__EXERCISE DETAILS__. All pictures must be left out as you transcribe the lines from the first line of the data to the line containing "Vehicle Care 10-57", both included.

__DATA SUPPLIED__.
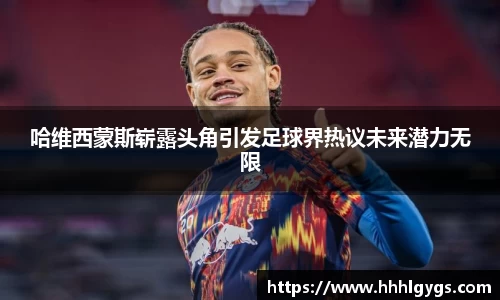 哈维西蒙斯崭露头角引发足球界热议未来潜力无限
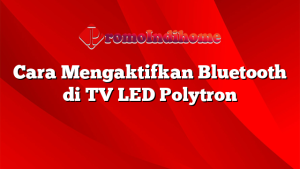 Cara Mengaktifkan Bluetooth di TV LED Polytron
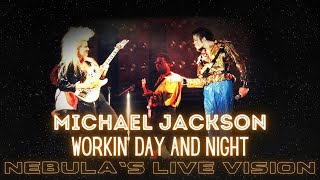 Michael Jackson - Workin' Day and Night | Nebula's Live Vision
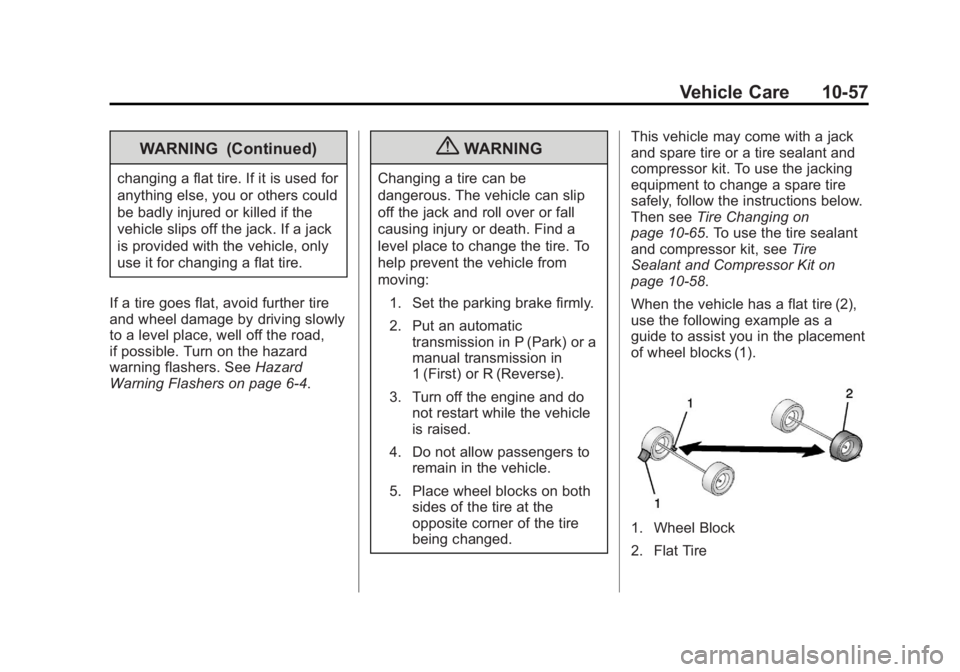 CHEVROLET ORLANDO 2017  Owners Manual Black plate (57,1)Chevrolet Orlando Owner Manual - 2013 - CRC - 6/5/12
Vehicle Care 10-57
WARNING (Continued)
changing a flat tire. If it is used for
anything else, you or others could
be badly injure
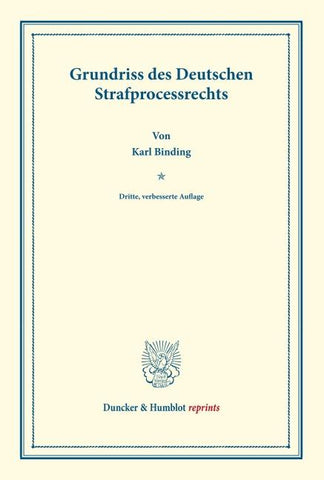 Grundriss des Deutschen Strafprocessrechts.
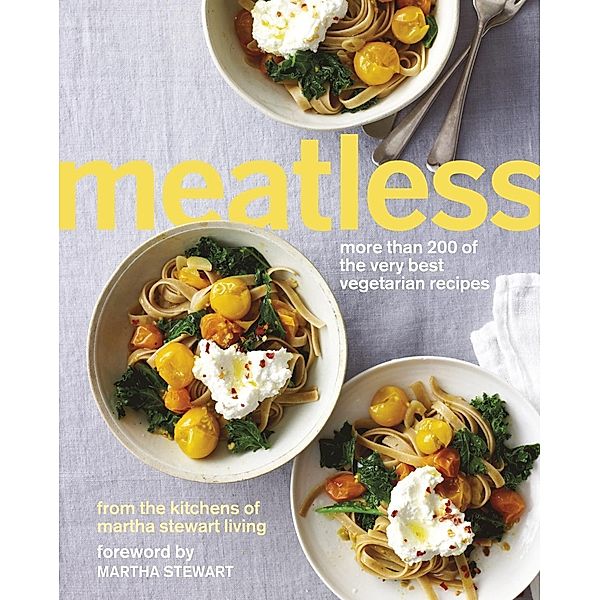 Meatless: More than 200 of the Best Vegetarian Recipes, Martha Stewart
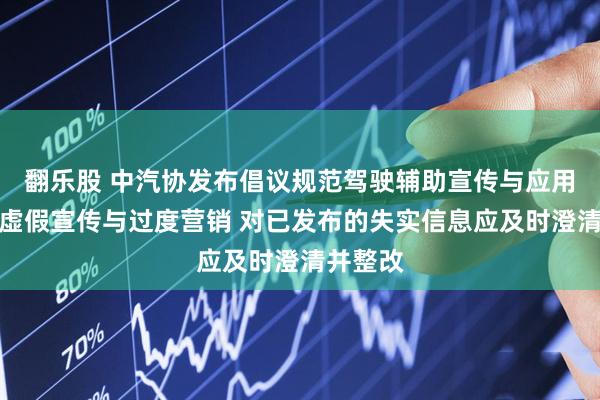 翻乐股 中汽协发布倡议规范驾驶辅助宣传与应用：杜绝虚假宣传与过度营销 对已发布的失实信息应及时澄清并整改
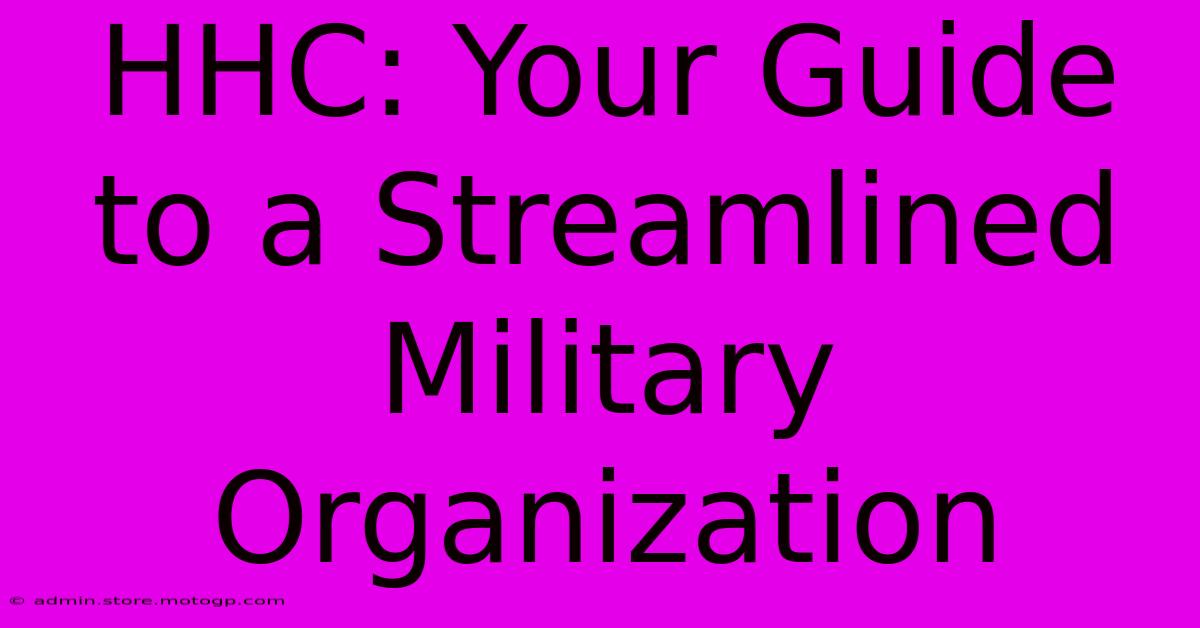 HHC: Your Guide To A Streamlined Military Organization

__OUTPUT FOR THIS EXERCISE__.
 哈维西蒙斯崭露头角引发足球界热议未来潜力无限
 Cara Mengaktifkan Bluetooth di TV LED Polytron
 Michael Jackson - Workin' Day and Night | Nebula's Live Vision
 CHEVROLET ORLANDO 2017  Owners Manual Black plate (57,1)Chevrolet Orlando Owner Manual - 2013 - CRC - 6/5/12
Vehicle Care 10-57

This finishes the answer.